■ **WHAT THE EXERCISE ASKS**: Without the pictures, set down every record below exactly as it reads.
BEGIN INFORMATION PROVIDED
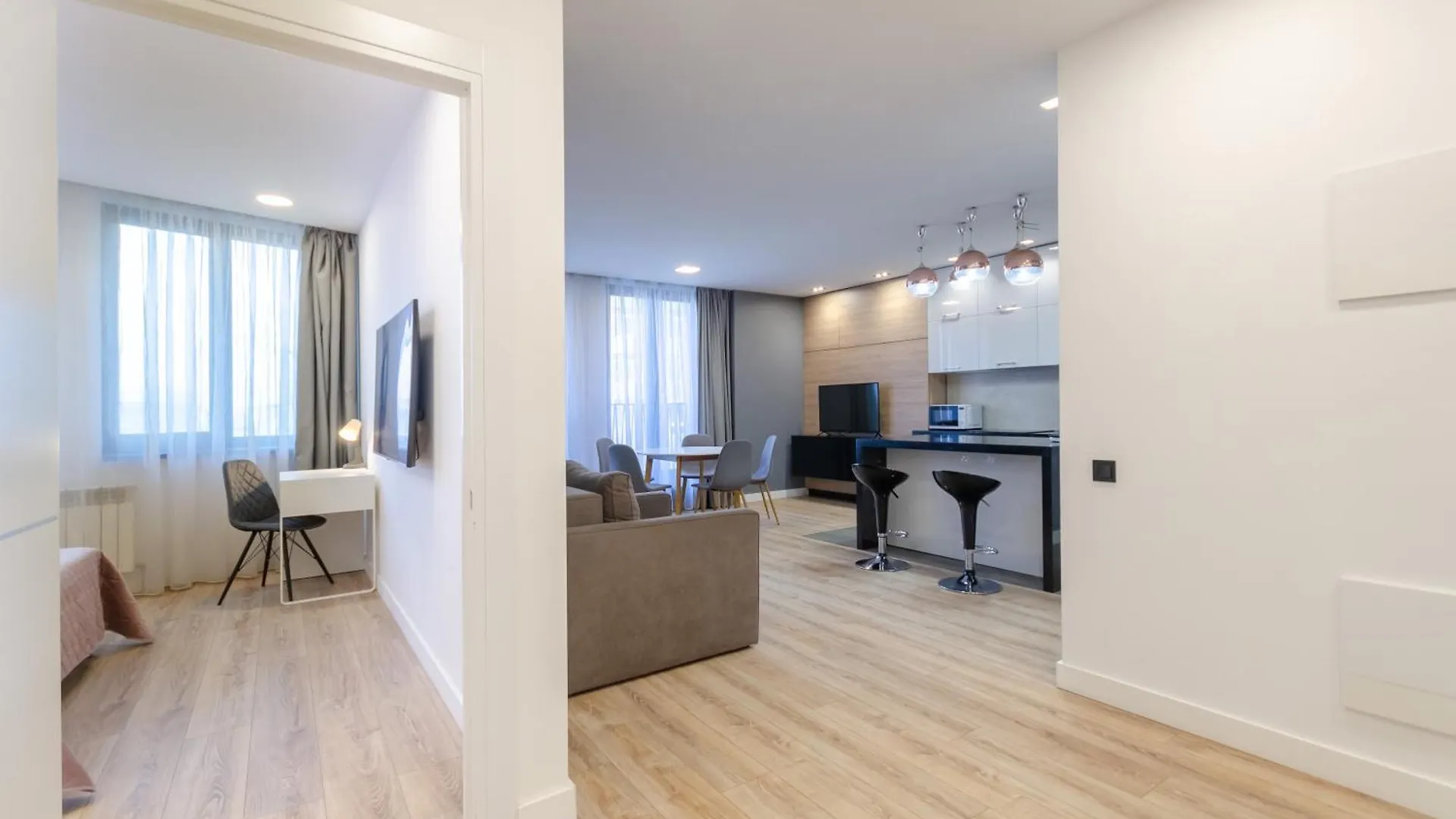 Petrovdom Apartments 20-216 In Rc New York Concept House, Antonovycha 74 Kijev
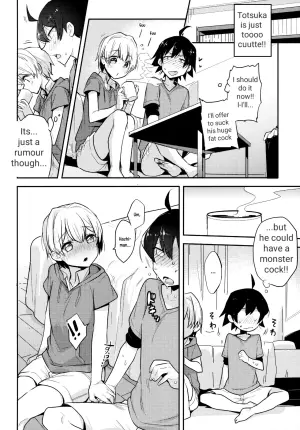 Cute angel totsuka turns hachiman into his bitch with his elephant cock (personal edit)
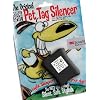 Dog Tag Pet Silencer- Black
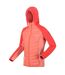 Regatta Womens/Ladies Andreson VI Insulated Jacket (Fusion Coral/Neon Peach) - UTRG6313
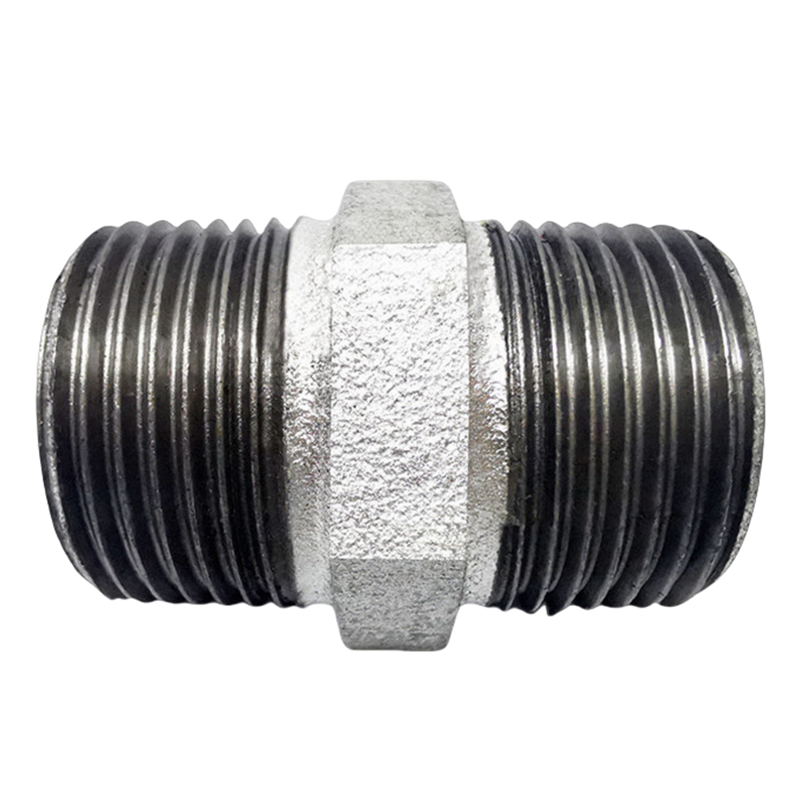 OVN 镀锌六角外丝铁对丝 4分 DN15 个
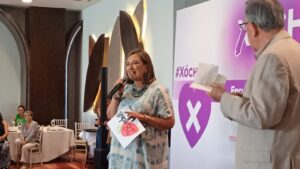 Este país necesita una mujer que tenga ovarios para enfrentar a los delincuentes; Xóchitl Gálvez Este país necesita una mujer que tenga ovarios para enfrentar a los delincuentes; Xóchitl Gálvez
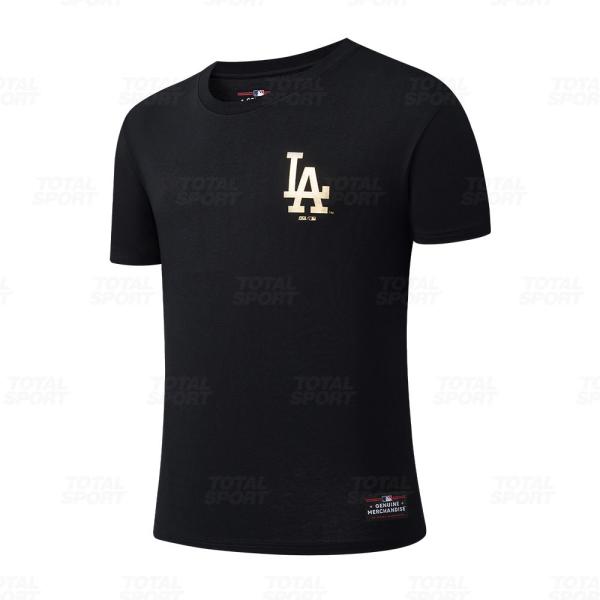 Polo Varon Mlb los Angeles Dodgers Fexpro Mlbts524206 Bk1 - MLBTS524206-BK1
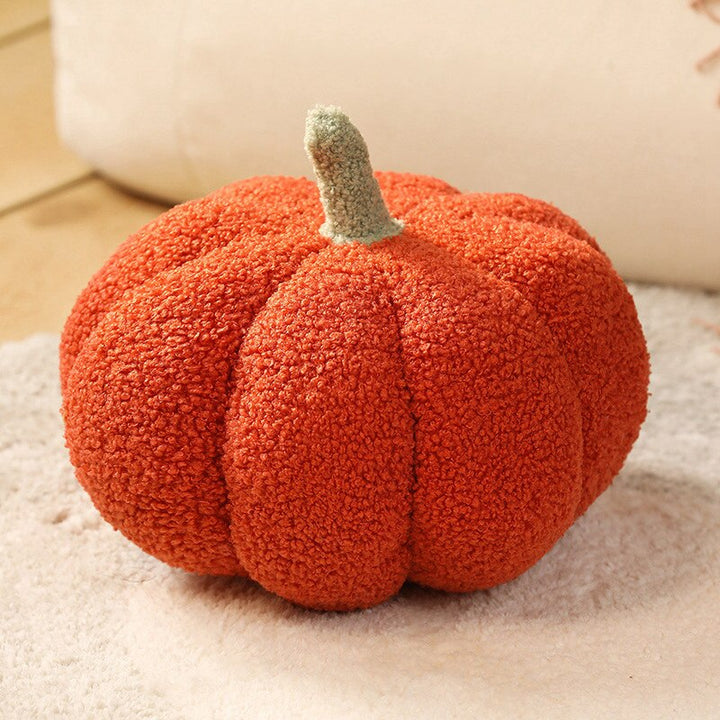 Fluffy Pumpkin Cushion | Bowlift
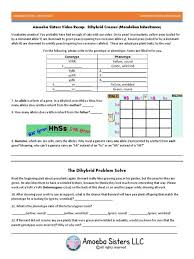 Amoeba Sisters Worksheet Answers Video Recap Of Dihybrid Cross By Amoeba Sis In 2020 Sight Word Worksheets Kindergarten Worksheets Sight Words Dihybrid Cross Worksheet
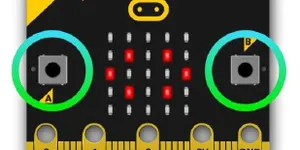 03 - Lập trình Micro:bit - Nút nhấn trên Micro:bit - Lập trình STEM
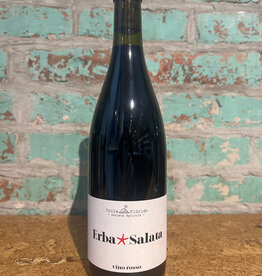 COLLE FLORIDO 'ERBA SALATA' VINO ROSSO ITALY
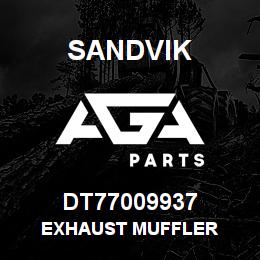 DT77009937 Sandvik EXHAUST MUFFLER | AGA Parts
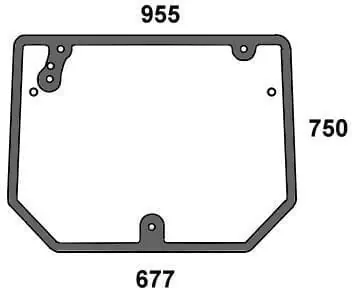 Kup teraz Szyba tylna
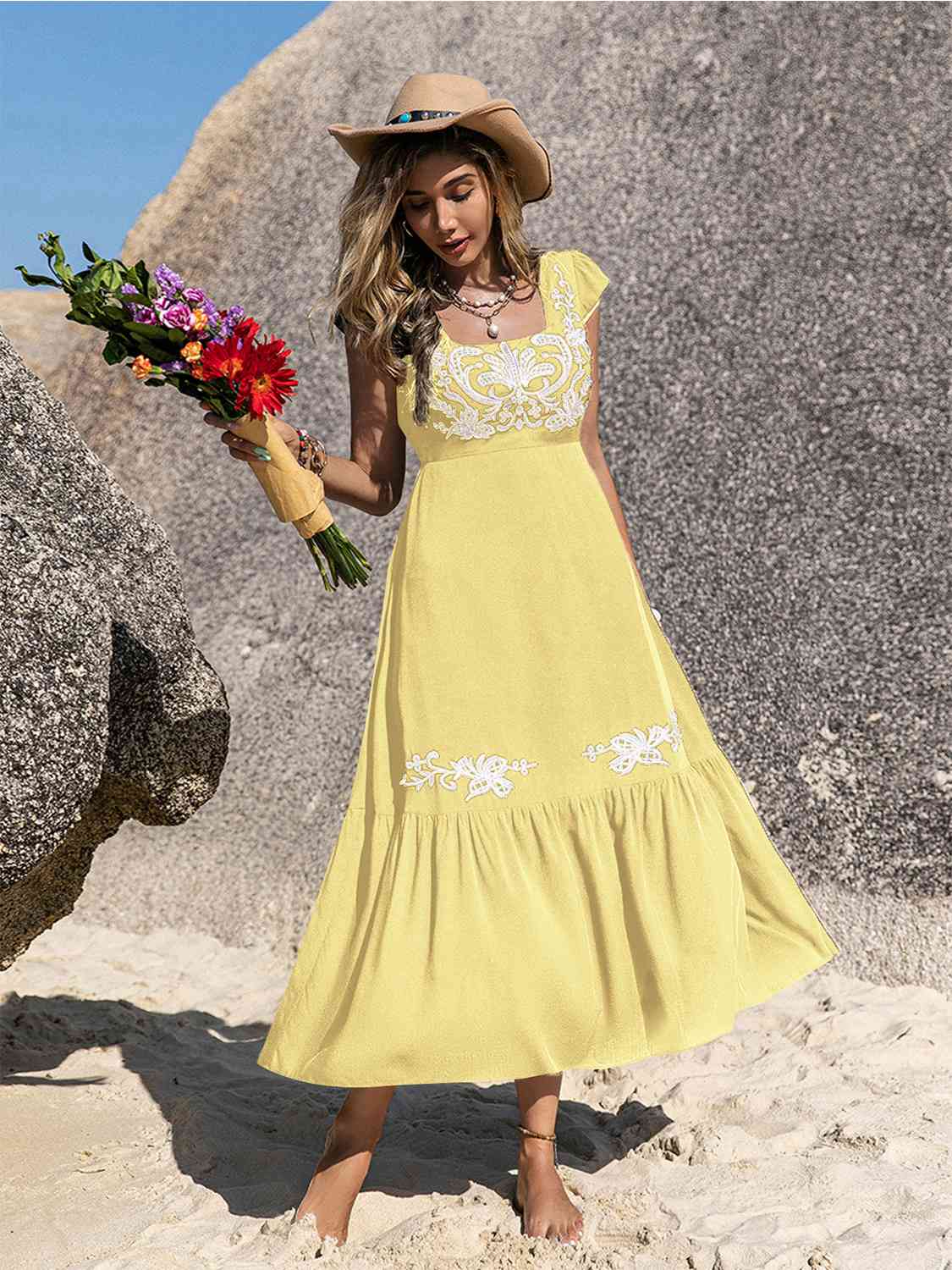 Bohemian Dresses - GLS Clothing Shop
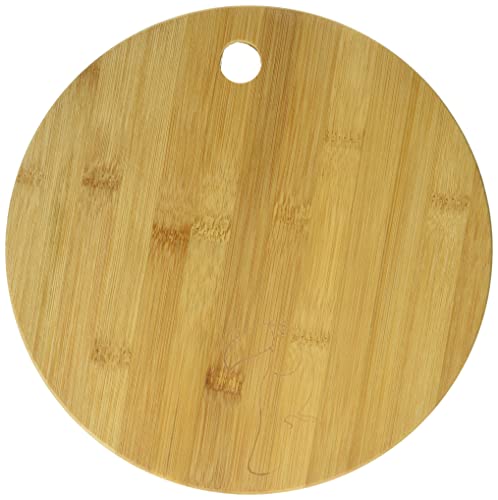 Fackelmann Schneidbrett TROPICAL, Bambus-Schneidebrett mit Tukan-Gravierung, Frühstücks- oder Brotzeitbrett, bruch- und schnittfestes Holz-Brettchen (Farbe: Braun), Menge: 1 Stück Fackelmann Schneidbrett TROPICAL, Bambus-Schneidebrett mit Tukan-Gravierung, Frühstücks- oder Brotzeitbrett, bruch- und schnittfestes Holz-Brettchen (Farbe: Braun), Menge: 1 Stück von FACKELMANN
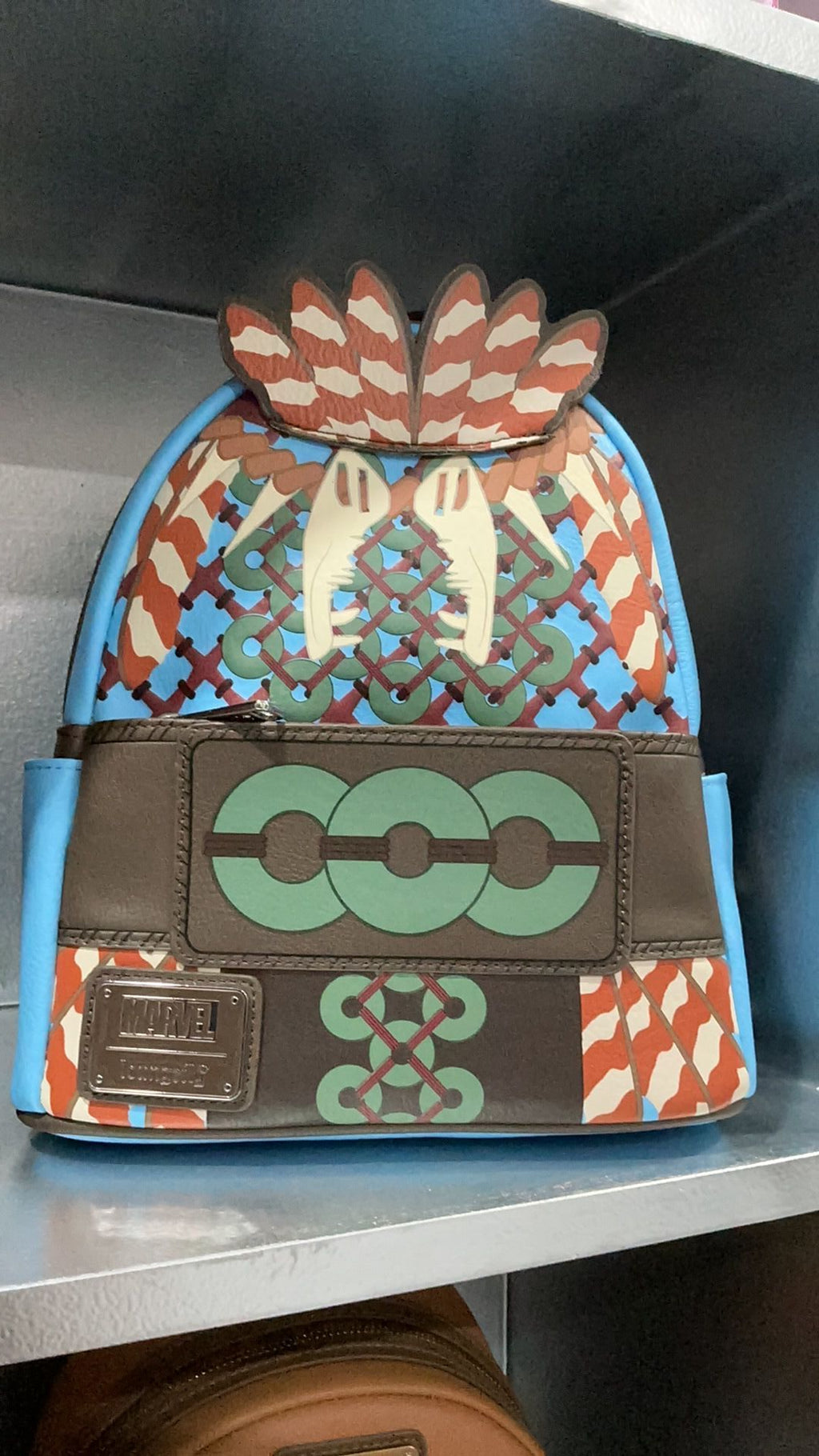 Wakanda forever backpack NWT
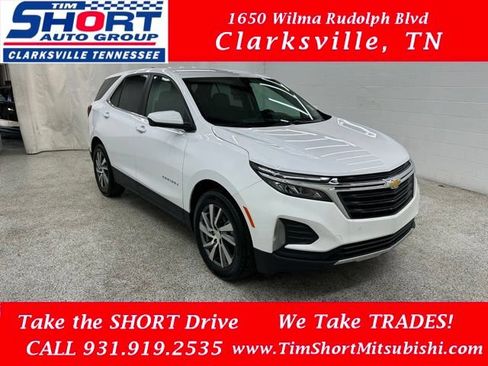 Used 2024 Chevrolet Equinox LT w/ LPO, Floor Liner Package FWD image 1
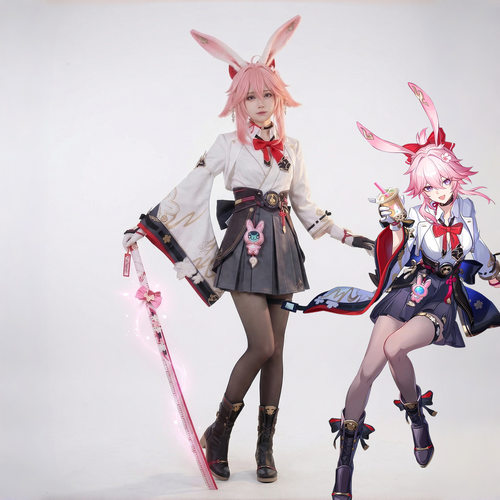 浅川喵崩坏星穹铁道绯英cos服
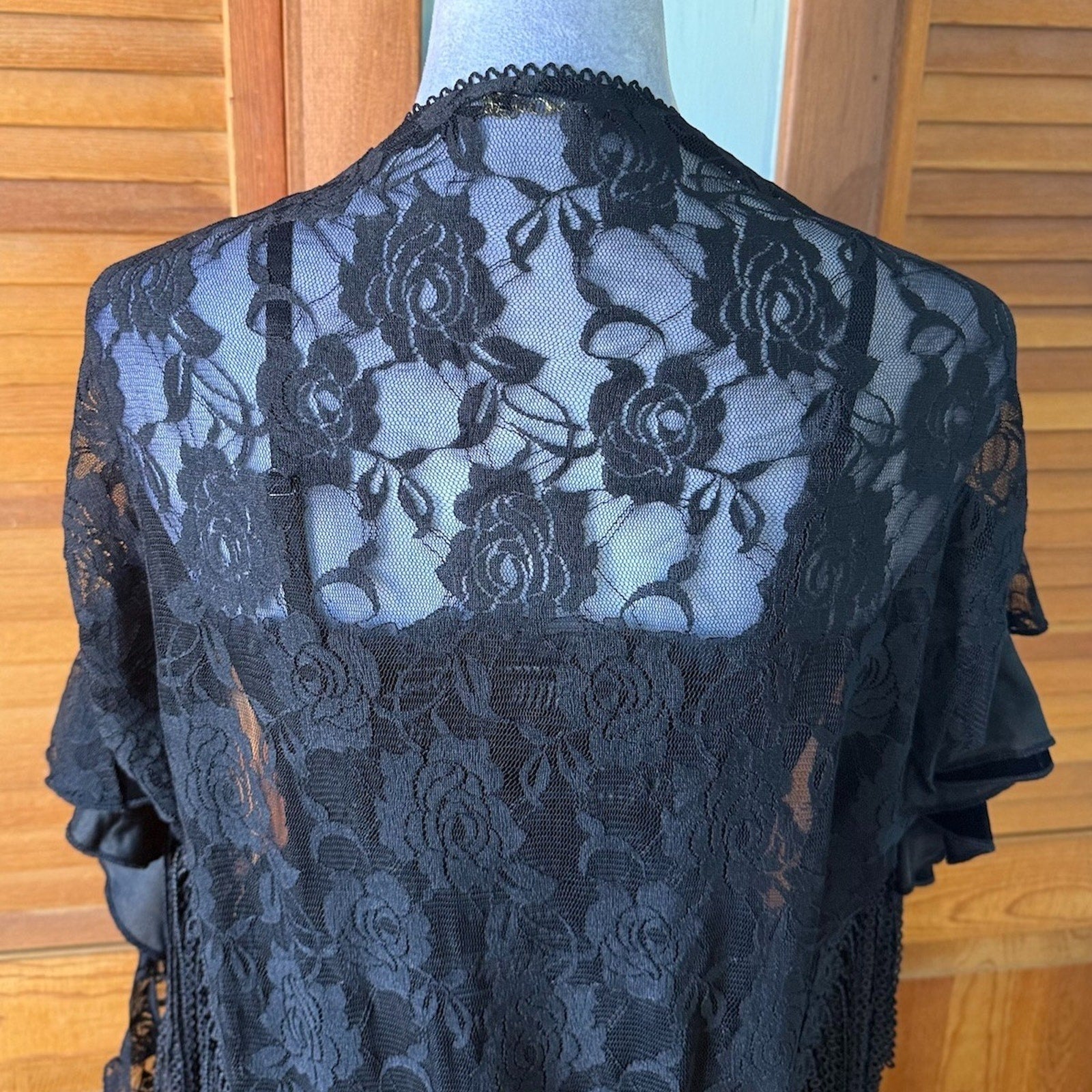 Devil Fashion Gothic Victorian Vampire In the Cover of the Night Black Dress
END INFORMATION PROVIDED
■ **TASK ANSWER**:
 Petrovdom Apartments 20-216 In Rc New York Concept House, Antonovycha 74 Kijev
 Cute angel totsuka turns hachiman into his bitch with his elephant cock (personal edit)
 Dog Tag Pet Silencer- Black
 Regatta Womens/Ladies Andreson VI Insulated Jacket (Fusion Coral/Neon Peach) - UTRG6313
 OVN 镀锌六角外丝铁对丝 4分 DN15 个
 Este país necesita una mujer que tenga ovarios para enfrentar a los delincuentes; Xóchitl Gálvez Este país necesita una mujer que tenga ovarios para enfrentar a los delincuentes; Xóchitl Gálvez
 Polo Varon Mlb los Angeles Dodgers Fexpro Mlbts524206 Bk1 - MLBTS524206-BK1
 Fluffy Pumpkin Cushion | Bowlift
 Amoeba Sisters Worksheet Answers Video Recap Of Dihybrid Cross By Amoeba Sis In 2020 Sight Word Worksheets Kindergarten Worksheets Sight Words Dihybrid Cross Worksheet
 03 - Lập trình Micro:bit - Nút nhấn trên Micro:bit - Lập trình STEM
 COLLE FLORIDO 'ERBA SALATA' VINO ROSSO ITALY
 DT77009937 Sandvik EXHAUST MUFFLER | AGA Parts
 Kup teraz Szyba tylna
 Bohemian Dresses - GLS Clothing Shop
 Fackelmann Schneidbrett TROPICAL, Bambus-Schneidebrett mit Tukan-Gravierung, Frühstücks- oder Brotzeitbrett, bruch- und schnittfestes Holz-Brettchen (Farbe: Braun), Menge: 1 Stück Fackelmann Schneidbrett TROPICAL, Bambus-Schneidebrett mit Tukan-Gravierung, Frühstücks- oder Brotzeitbrett, bruch- und schnittfestes Holz-Brettchen (Farbe: Braun), Menge: 1 Stück von FACKELMANN
 Wakanda forever backpack NWT
 Used 2024 Chevrolet Equinox LT w/ LPO, Floor Liner Package FWD image 1
 浅川喵崩坏星穹铁道绯英cos服
 Devil Fashion Gothic Victorian Vampire In the Cover of the Night Black Dress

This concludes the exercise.